Texto extraído do livro "Almanaque do Futebol Maranhense Antigo: Pequenas Histórias" (2024):
O Maranhão, mais uma vez, viu a taça de campeão estadual ser perdida por fatores extracampo. O mais novo exemplo da garfada que a equipe atleticana sofreu veio na edição do Campeonato Maranhense de 1983. Inegavelmente o Moto Club, finalista daquele ano com o Glorioso, apresentava um forte elenco (Samuel; Bassi, Irineu, Hamilton Silva e Cabrera; Zé Carlos, Lutércio e Antônio Carlos Maranhense; Evandro, Zé Roberto e Cardosinho) e que lutava pelo tricampeonato. O Maranhão, contudo, tinha um forte plantel e que brigaria em iguais condições pelo título daquele ano. Infelizmente não combinaram isso nos bastidores.

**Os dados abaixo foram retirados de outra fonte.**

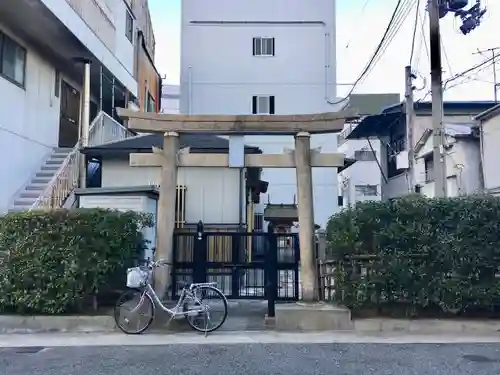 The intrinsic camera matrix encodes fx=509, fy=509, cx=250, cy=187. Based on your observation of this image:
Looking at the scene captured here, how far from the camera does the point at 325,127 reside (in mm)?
8508

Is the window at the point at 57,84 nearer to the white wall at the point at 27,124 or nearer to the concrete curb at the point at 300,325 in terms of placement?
the white wall at the point at 27,124

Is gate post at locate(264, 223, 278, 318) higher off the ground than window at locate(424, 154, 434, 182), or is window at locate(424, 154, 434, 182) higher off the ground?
window at locate(424, 154, 434, 182)

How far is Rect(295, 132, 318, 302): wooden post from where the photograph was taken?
8305 millimetres

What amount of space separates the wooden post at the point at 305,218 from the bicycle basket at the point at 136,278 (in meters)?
2.58

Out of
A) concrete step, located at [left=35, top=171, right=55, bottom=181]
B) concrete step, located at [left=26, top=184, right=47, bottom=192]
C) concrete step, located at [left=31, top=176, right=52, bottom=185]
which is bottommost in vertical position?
concrete step, located at [left=26, top=184, right=47, bottom=192]

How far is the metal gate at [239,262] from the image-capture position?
859 cm

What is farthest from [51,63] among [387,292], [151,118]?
[387,292]

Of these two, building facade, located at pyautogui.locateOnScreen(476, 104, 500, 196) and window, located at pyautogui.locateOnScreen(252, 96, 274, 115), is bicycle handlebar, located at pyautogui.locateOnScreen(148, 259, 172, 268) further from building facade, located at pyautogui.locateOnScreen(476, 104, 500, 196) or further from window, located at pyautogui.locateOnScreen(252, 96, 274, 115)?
window, located at pyautogui.locateOnScreen(252, 96, 274, 115)

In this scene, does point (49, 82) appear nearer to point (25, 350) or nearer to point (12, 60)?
point (12, 60)

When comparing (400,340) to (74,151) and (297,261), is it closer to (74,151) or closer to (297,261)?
(297,261)

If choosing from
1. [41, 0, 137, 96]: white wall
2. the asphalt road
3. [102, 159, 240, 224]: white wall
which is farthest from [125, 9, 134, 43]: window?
the asphalt road

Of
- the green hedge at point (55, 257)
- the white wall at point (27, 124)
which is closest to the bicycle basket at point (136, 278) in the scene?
the green hedge at point (55, 257)

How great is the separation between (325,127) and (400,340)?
3.54 metres

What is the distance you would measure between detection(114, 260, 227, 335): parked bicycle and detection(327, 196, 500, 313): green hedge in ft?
6.99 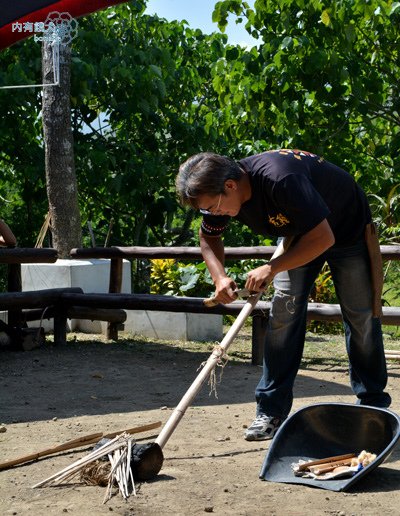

Com uma fórmula de disputa muito complexa e tropeços pelo meio do caminho, Moto e Maranhão decidiram o emblemático estadual de 1983. A competição, aliás, foi marcada por verdadeiras armações, à vista de qualquer torcedor: o “acordo de cavalheiros” entre Sampaio e MAC, que jogaram uma partida com times completamente irregulares, com o total aval da F.M.D.; a marmelada no empate entre Moto e MAC para tirar o Sampaio da jogada no Segundo Turno; a incrível história do São José, onde o time lançou a campo torcedores e até um motorista de táxi para poder completar pelo menos o número regulamentar de “atletas” e assim poder entrar a campo na partida contra o Sampaio; na última rodada da fase final, a ajudinha dos bolivianos em favor dos maqueanos para tirar o tri do Papão.
Outro detalhe curioso que enriquece os anais do nosso futebol: na reta final do campeonato, o médico boliviano Milon Miranda queixou-se publicamente sobre o crescente número de macumbeiros dentro do time, o que teria prejudicado sensivelmente o rendimento da equipe em todos os jogos. O médico confessou-se assustado com o número de pais-de-santo que baixaram no Sampaio Corrêa, todos com a promessa de garantir o título ao Tricolor em troca de uma determinada remuneração. A influência era tão séria entre os atletas que muitos jogadores entraram a campo com um vidro por baixo do meião ou amarrado ao cadarço do calção. Esse vidro continha um líquido devidamente preparado por pais-de-santo.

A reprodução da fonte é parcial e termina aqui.